January 22, 2024

i feel like this new day of a new week
is a whole new moment of a brand new life
i don’t know what it is —
maybe it’s the lack of upcoming stressors,
maybe it’s getting used to this
twenty-twenty-four
as we have it,
maybe it’s feeling confident in friendships,
maybe it’s feeling confident in circus,
maybe it’s because
kip
is no longer feeling
vertigo-y
or migraine-y
and i feel like we might be
past
the worst of whatever this is,

but
so

this feels so new/
so fresh/
so daylight/daybreak/break me out of my rut

even with the cold
even with the chill
even with the snow and ice still there on the ground…
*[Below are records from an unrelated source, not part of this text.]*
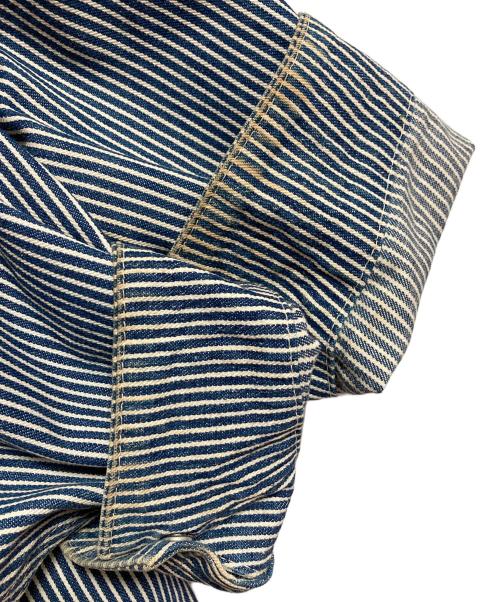 OSH KOSH B'gosh（オシュコシュ ビゴッシュ）OSH KOSH B'gosh (オシュコシュ ビゴッシュ) ヒッコリーカバール ネイビー サイズ:42Rの古着・服飾アイテム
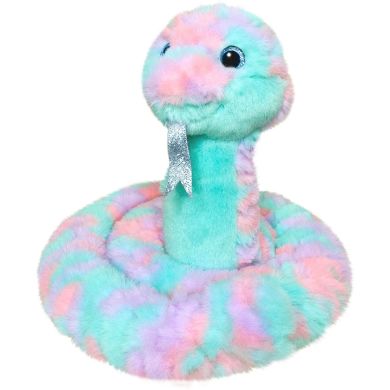 Игрушка мягконабивная Змея голубая Aurora 230779B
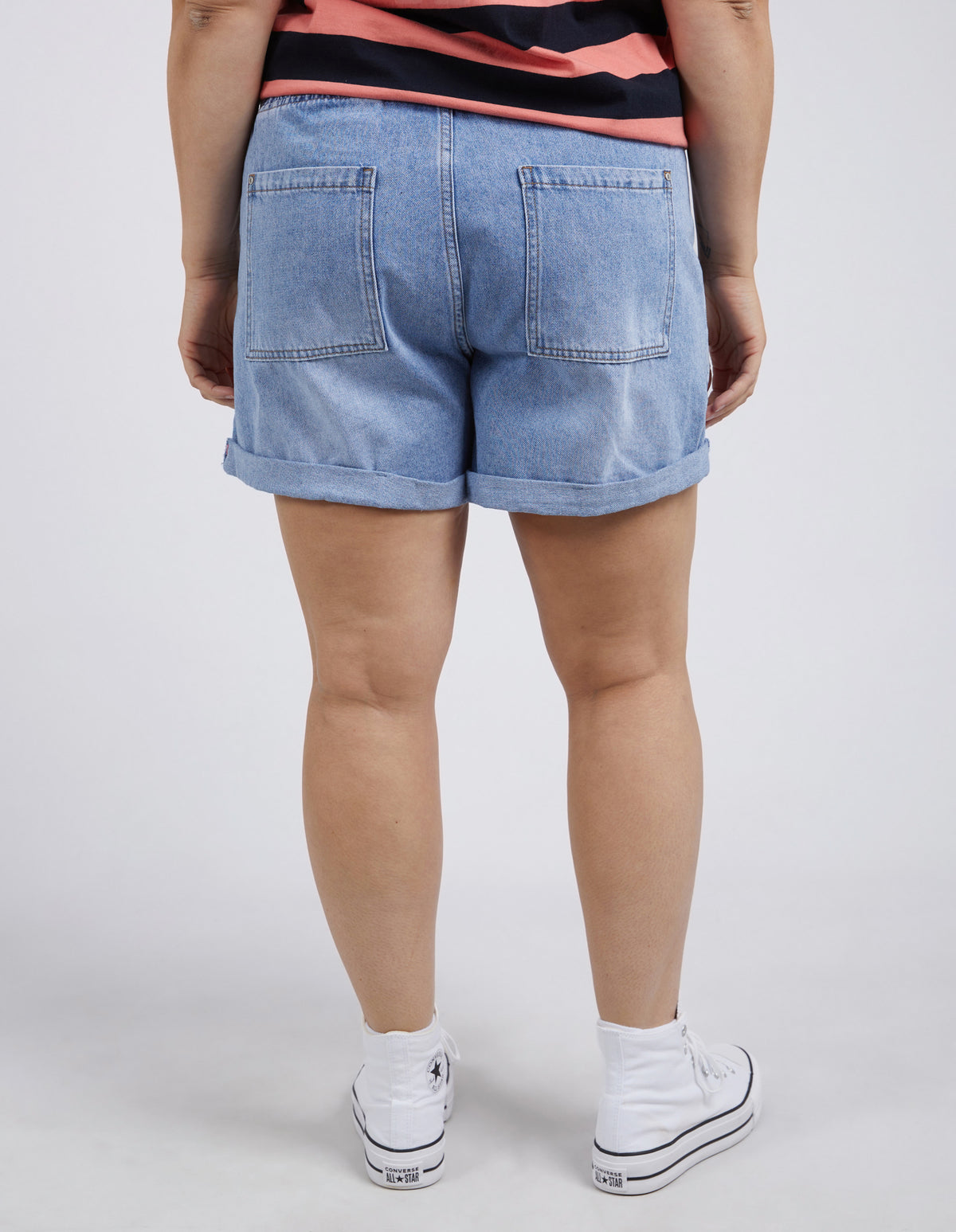 EMMA RELAXED DENIM SHORT MID BLUE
maybe it’s artistic inspiration
flowing all over me,
maybe it’s puppies and cats
and 8 hours of sleep
[even interrupted
i’m pretty sure it counts up to that],

maybe i just forgot
all the reasons i have
to be sad —

whatever it is

i’m feeling
almost
glad

January 16, 2024

finally
finally
we have snow!

the ominous winds
have slowed
to a gentle breeze/
a softer blow/
carrying upon it
flecks of white and
cold as ice, but
piling up like pillows.

the puppy, she leaps and bites
at each shovel-full/
each chunk of salt
scattered for safety
scattered for prosperity
scattered for the memory
of living in wisconsin
and doing this daily.

though it hasn’t felt like winter
until this very snowfall,
i immediately regretted
wanting
and taunting
the skies with my lines
after each prediction of precipitation
“i’ll believe it when i see it.”

now that i’m dealing with it,
i believe it
i believe it
now can it
be over with?

January 2, 2024

today is Computer’s birthday
turning two
on january 2
sillily pouncing on plastic bags,
wild-eyed licking her treats she gets,
sadly lying under the table
in her cute yellow hoodie
matching with her kips
just another day…
and yet
a big one too —
a grown a-dog
[that’s a grown adult dog, if you
didn’t know already]
but she’ll always be
Puppies
to me
[to both of us really]

December 13, 2023

i’m not ready
for the slew of wrap-ups
the posts and the culminations
the retrospectives of what this year has been
to so many many people…
it all just seems so false
so farcical
so individually selfish to
look back a year of billions of people
and only think about you
your loss
your gain
your sorrow
your joy

i want perspective
[which i’m sure some will find]
[maybe even most of the folks whose stuff
i’m likely to see]

[or maybe
i’m being unkind
maybe
i need to take a second to rewind —
we all only know what we individually think
and it is the masses of individuals
that make the community we seek;
so why not look back
and share
with those we think of as
our people
our comrades
our neighbors and our folks?]

[still, i can’t help but think
about how shitty a year this has been
and how much and how little has happened
and how, in the grand scheme of things,
even with my utter sorrow and grief,
i still have it better than so so so so so many people
and i can’t stop thinking
about genocide
of people
of the earth
and feel so damn
helpless
hopeless
over here]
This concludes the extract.